Australian Islamic Leader Says Muslim Schoolchildren Shouldn’t Have to Sing National Anthem

"If you don’t share those values, why should they be forced to sing it?"

The spokesman of a controversial Islamic group in Australia on Sunday said that Muslim schoolchildren should not be required to sing the national anthem nor should immigrants have to recite a citizenship oath.

In a speech to a conference designed to train Australian Muslims to defend themselves against undercover police investigations, Hizb ut-Tahrir spokesman Uthman Badar called government efforts at weeding out Islamic radicalism “forced assimilation.”

“If you don’t share those values, why should they be forced to sing it?” Badar said of the Australian national anthem which he asserted presents “a disputed view of history.”

People watch as Muslims attend the noon prayer during an open day at Lakemba Mosque on October 31, 2015 in Sydney, Australia. Mosques held open days across the country to help foster better relations between Muslim and non-Muslim Australians. (Daniel Munoz/Getty Images)

"The insistence of senior government ministers that Muslim children sing the national anthem – an anthem that reflects a particular disputed view of history and celebrates particular ideological values," Badar said to hundreds of attendees at the conference called "Innocent Until Proven Muslim."

"Why should they be forced to sing it?" Badar continued.
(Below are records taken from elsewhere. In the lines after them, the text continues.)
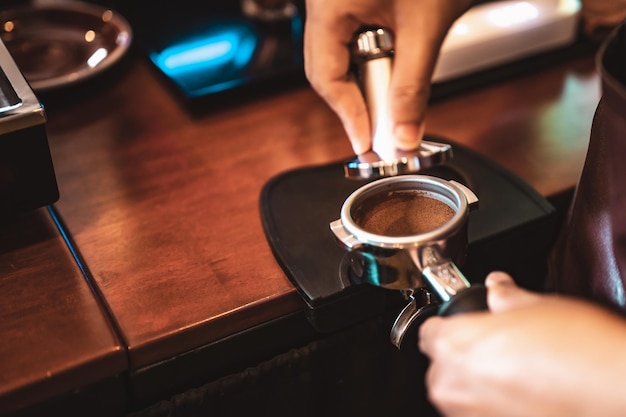 Close-up koffiezetapparaat dat professioneel koffie zet door barista met een diep wit glas in het avondzonlicht. koffie, extractie, diep, machine, maken, barista-concept.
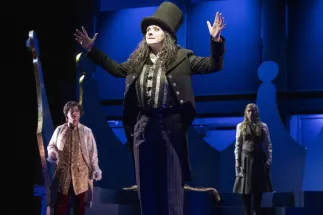 Photographer / Servant / Death (Anna Kelly) stands in the foreground with her arms raised, wearing a black tailcoat, a silver-striped waistcoat and a tall top hat. Behind her stand Louis (Geonmuk Lim) in a light-coloured coat over a golden garment and Claire (Lana Sophie Westendorf) in a white blouse, a beige-brown waistcoat and a grey skirt. Scene from Philipp Matthias Kaufmann’s DER KÖNIG VERSCHENKT WAS.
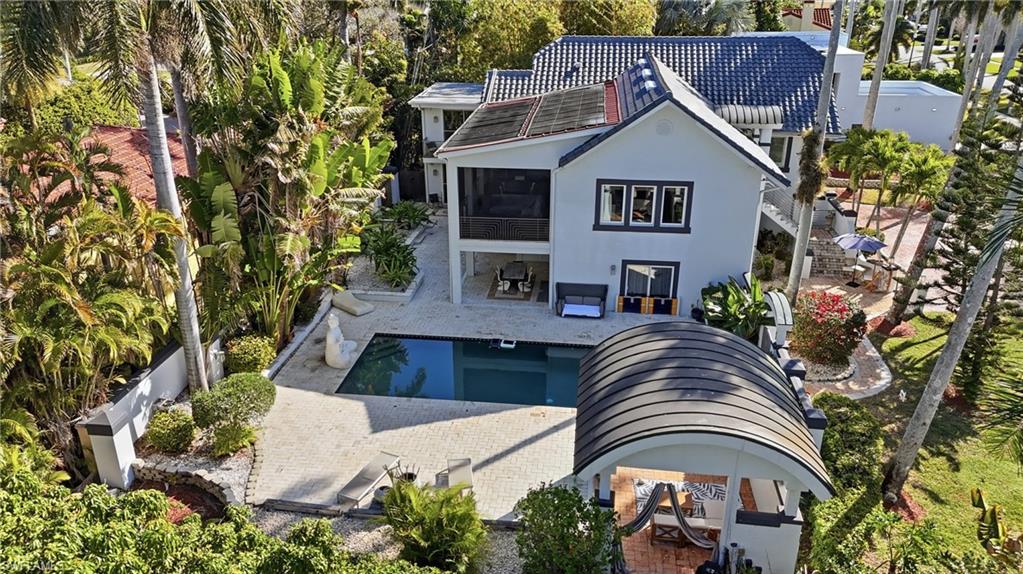 Back of house with a patio, stucco siding, an outdoor pool, and view of wooded area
The government “claims to afford freedom, but seeks to impose values and beliefs” on Muslims, the spokesman said, according to the news outlet The Australian.
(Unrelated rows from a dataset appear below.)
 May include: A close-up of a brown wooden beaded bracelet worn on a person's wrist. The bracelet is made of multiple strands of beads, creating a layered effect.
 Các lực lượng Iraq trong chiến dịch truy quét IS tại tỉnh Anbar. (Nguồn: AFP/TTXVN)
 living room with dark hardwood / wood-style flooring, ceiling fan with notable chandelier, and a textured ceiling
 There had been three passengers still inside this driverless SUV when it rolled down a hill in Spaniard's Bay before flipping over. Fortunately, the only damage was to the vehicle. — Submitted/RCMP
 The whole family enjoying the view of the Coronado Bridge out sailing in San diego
Badar took particular issue with the phrase of the Australian citizenship oath: “whose democratic beliefs I share.”

“It’s not enough that you obey the law; no, you have to adopt our values,” the spokesman said.
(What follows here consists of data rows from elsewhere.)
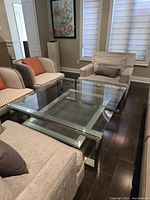 Top view of square two-tier glass coffee table among surrounding seating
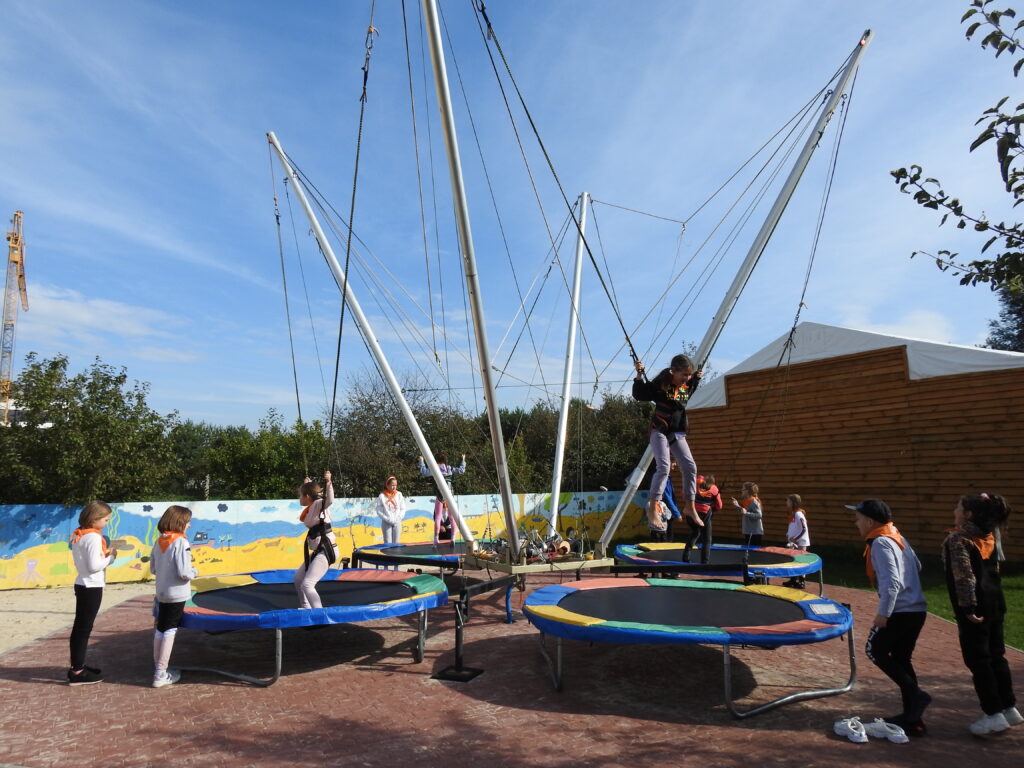 Czworo dzieci znajduje się na trampolinach. Są przyczepieni do specjalnej uprzęży zapewniającej bezpieczeństwo podczas skoków. Kilkoro dzieci stoi w kolejce przed każdą z trampolin. W tle ogrodzenie z rysunkiem przedstawiającym plażę oraz fragment niewielkiego, drewnianego budynku.
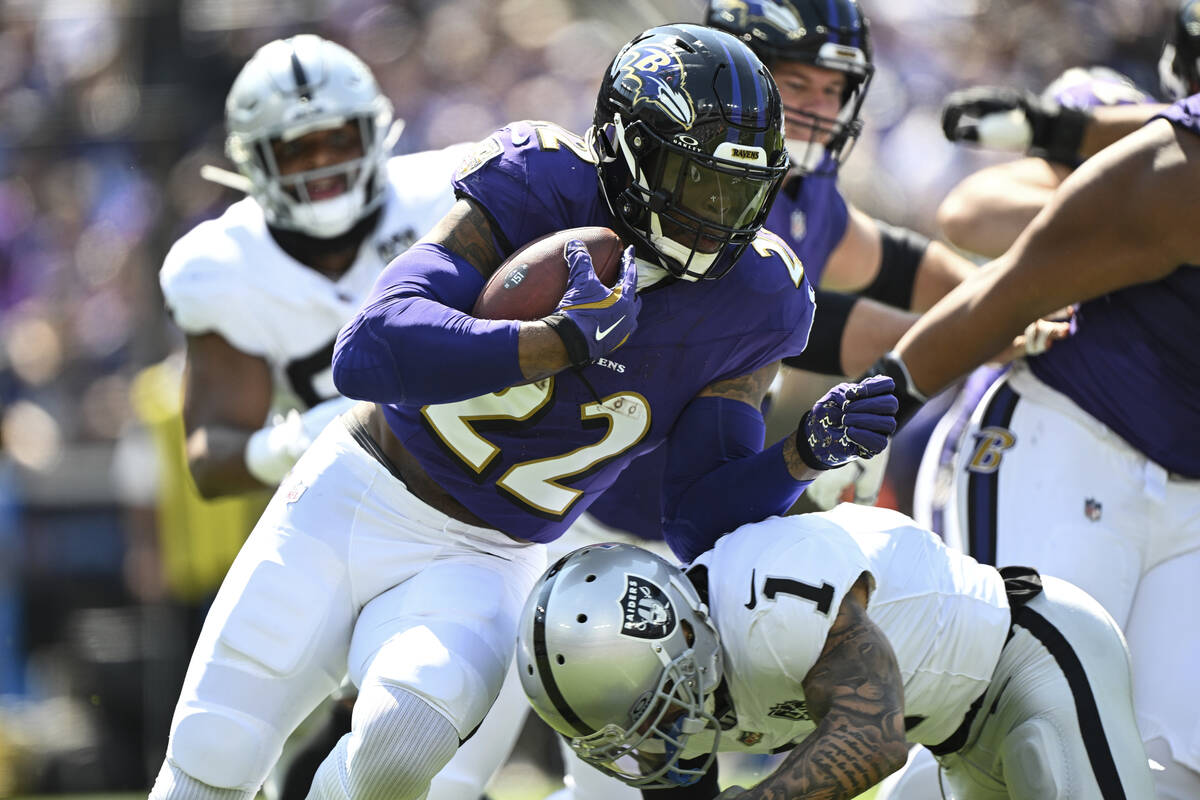 Baltimore Ravens running back Derrick Henry (22) runs the ball and is tackled by Las Vegas Raid ...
The principal of an Australian elementary school came under fire from politicians last week after excusing Muslim students from singing the anthem during a Shiite Muslim mourning period.

Badar said anti-radicalization efforts cloaked the hidden agenda of “making Muslims less Islamic, more Western, more secular.”

"It is nothing more than an agenda of forced assimilation justified by exaggerated fears of a security threat,” he said according to the Sydney Morning Herald.